The task:
Exactly as written, return every line of the data below apart from the pictures.

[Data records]
· · · ·

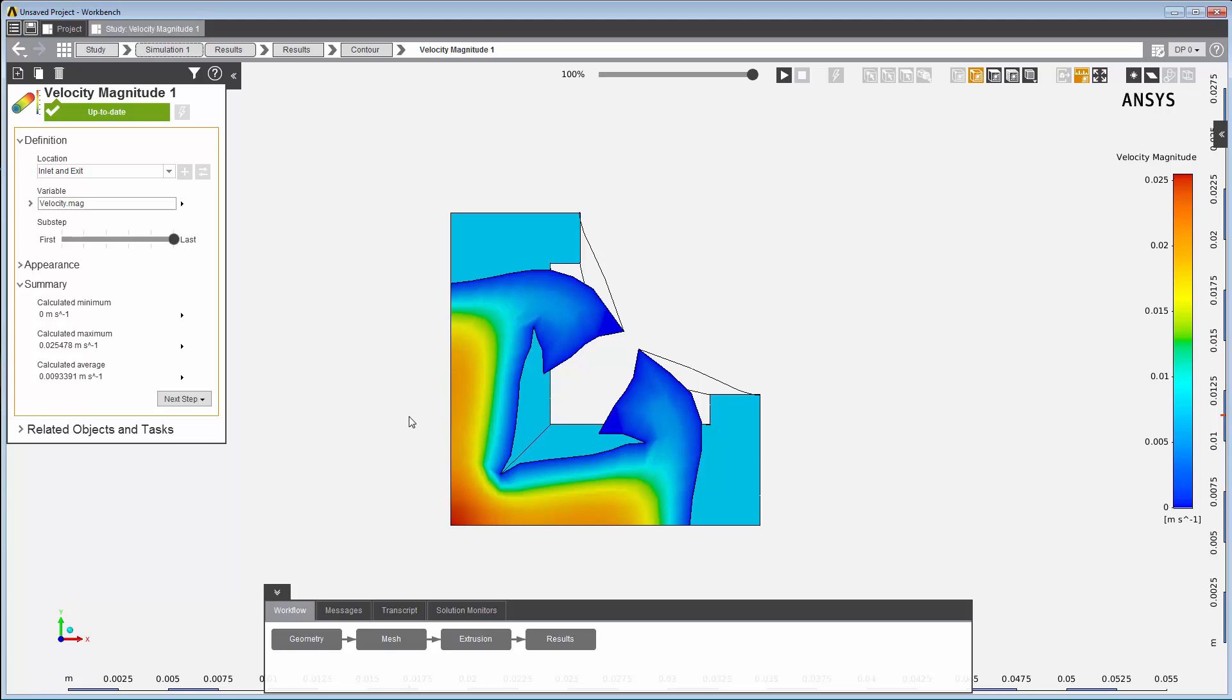This concludes this demonstration of setting up and solving an inverse polymer extrusion problem using ANSYS-AIM.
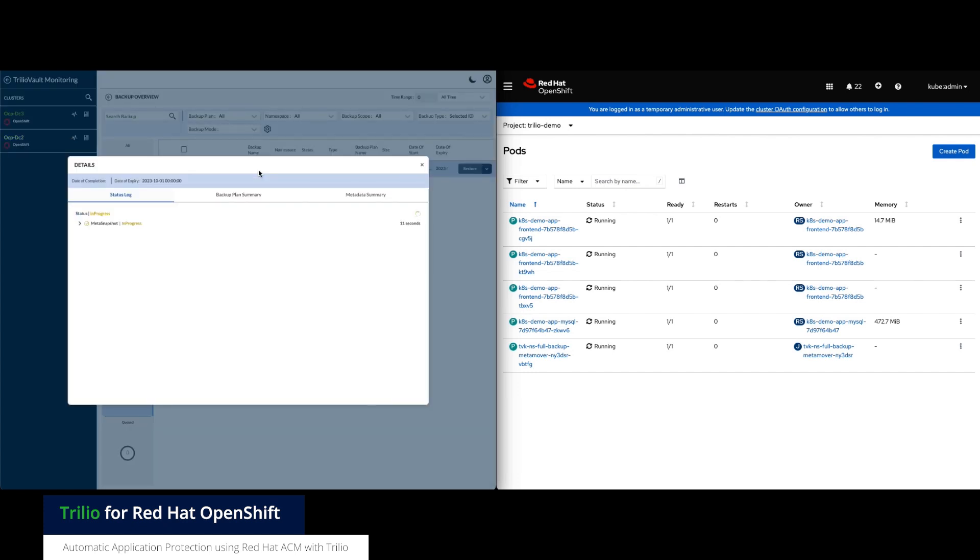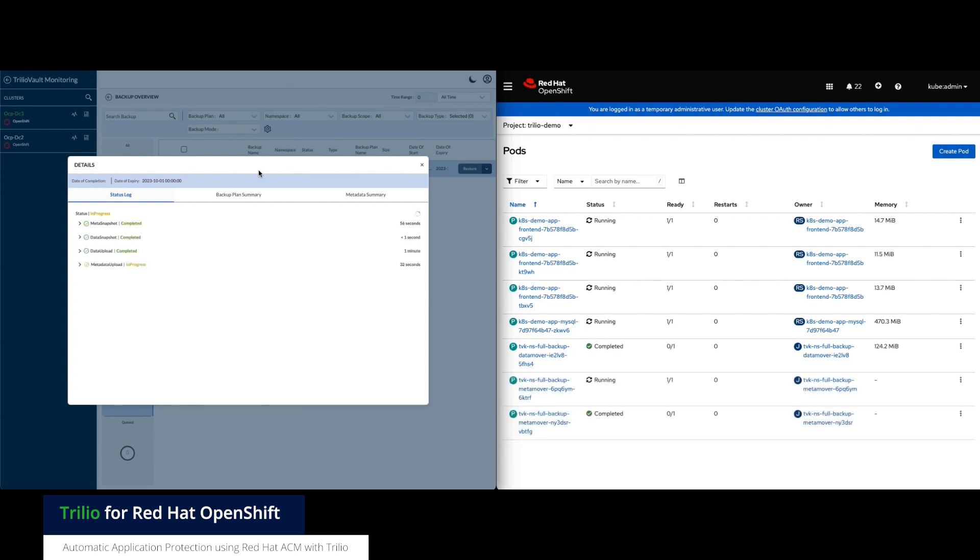We can watch the backup in progress by switching to the Trilio multi-cluster user interface. Each stage of the backup is shown in Trilio.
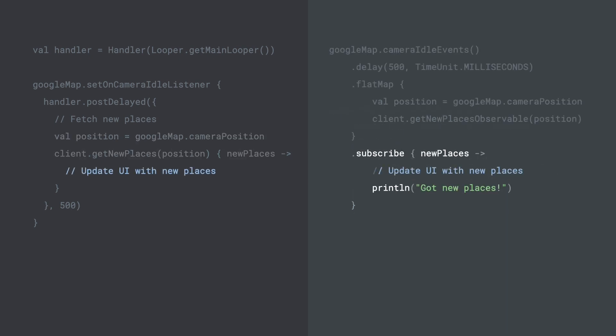Lastly, to receive events from the stream, we can call subscribe and provide it a lambda. Here, I'm printing to the console that we have received new places.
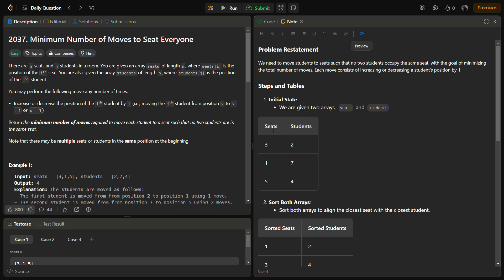We can perform a move operation any number of times, that is increase or decrease the position of the ith student by one. The purpose is to return the minimum number of moves required to move each student to a seat such that no two students are on the same seat.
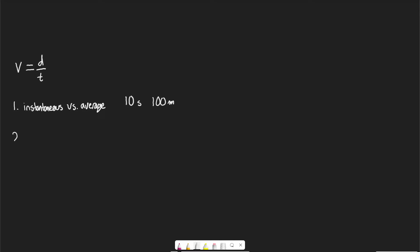The second point is that velocity is a vector quantity. This is where we get to the idea of speed versus velocity. Speed is a scalar quantity — speed does not depend on where we're going.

· · · ·

Exercise output:
This concludes this demonstration of setting up and solving an inverse polymer extrusion problem using ANSYS-AIM.
We can watch the backup in progress by switching to the Trilio multi-cluster user interface. Each stage of the backup is shown in Trilio.
Lastly, to receive events from the stream, we can call subscribe and provide it a lambda. Here, I'm printing to the console that we have received new places.
We can perform a move operation any number of times, that is increase or decrease the position of the ith student by one. The purpose is to return the minimum number of moves required to move each student to a seat such that no two students are on the same seat.
The second point is that velocity is a vector quantity. This is where we get to the idea of speed versus velocity. Speed is a scalar quantity — speed does not depend on where we're going.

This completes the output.